I'd like the data beneath this line reproduced exactly, without any of its images.
*** Opening of Dataset extract ***
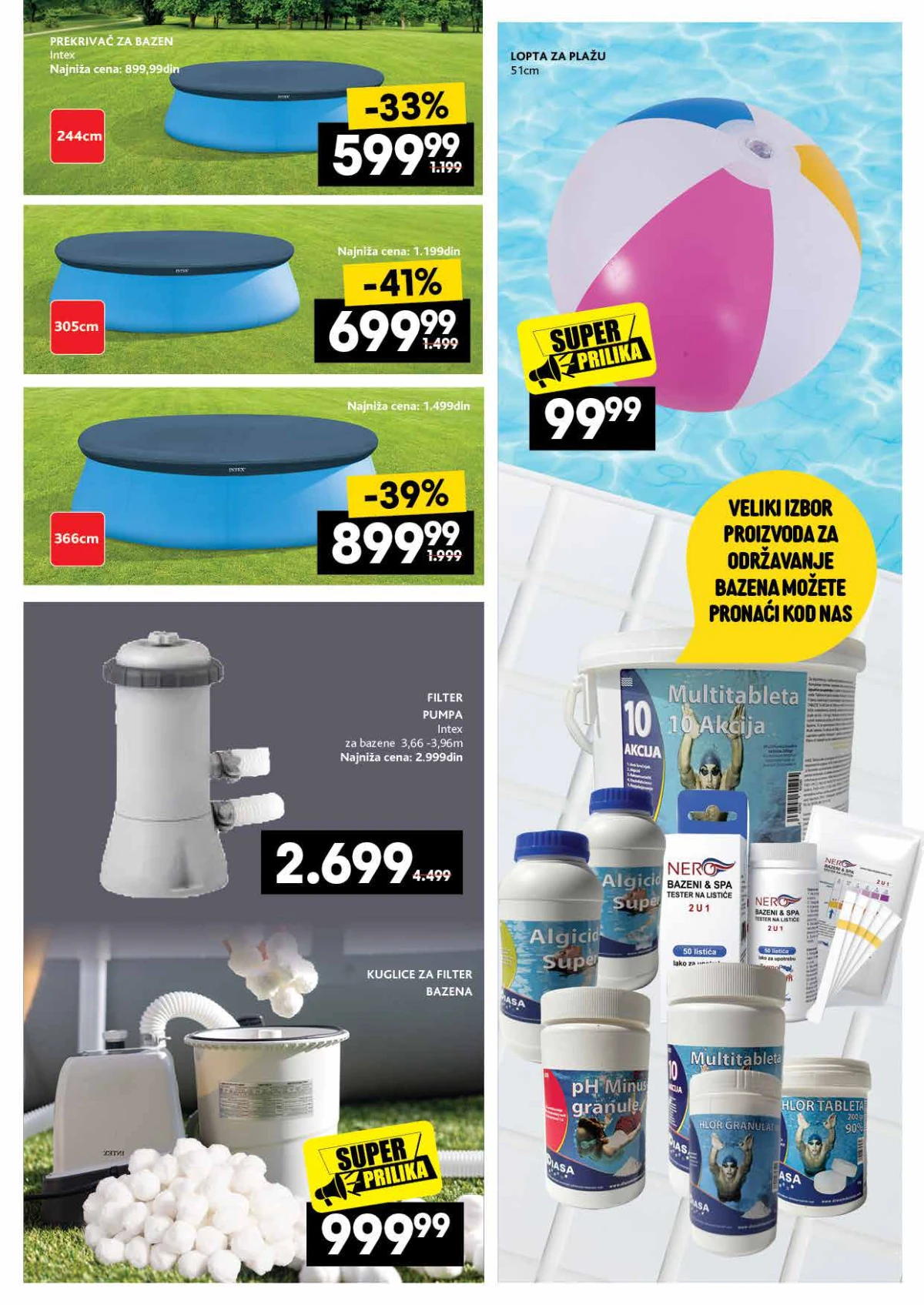 IDEA i RODA letnji katalog strana 9 – prekrivači, filteri i sredstva za održavanje bazena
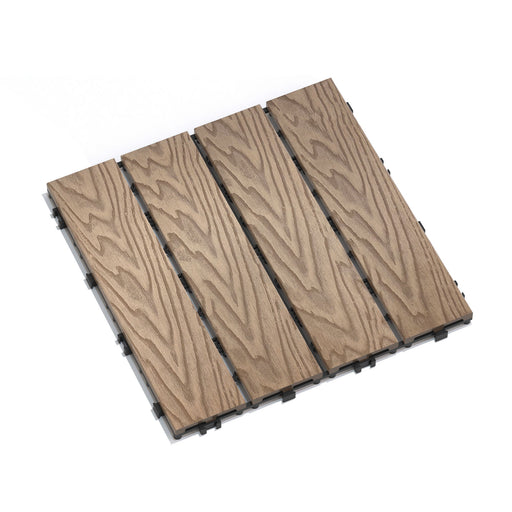 Patio Deck Tiles, Interlocking Diy Flooring For Indoor / Outdoor Use (Set of 22) - Teak Daily Nest
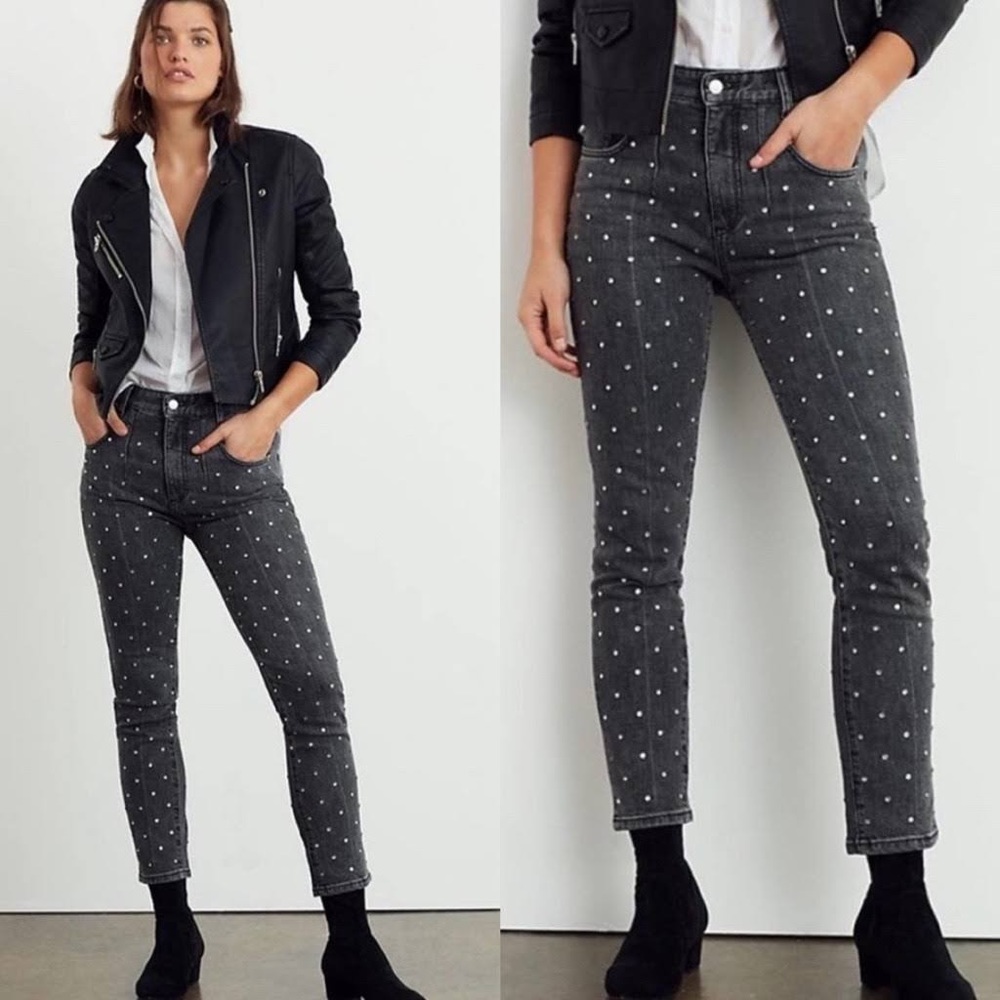 Anthropologie Pilcro Ultra High Rise Beaded Jean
*** Close of Dataset extract ***
▶ _Result_:
 IDEA i RODA letnji katalog strana 9 – prekrivači, filteri i sredstva za održavanje bazena
 Patio Deck Tiles, Interlocking Diy Flooring For Indoor / Outdoor Use (Set of 22) - Teak Daily Nest
 Anthropologie Pilcro Ultra High Rise Beaded Jean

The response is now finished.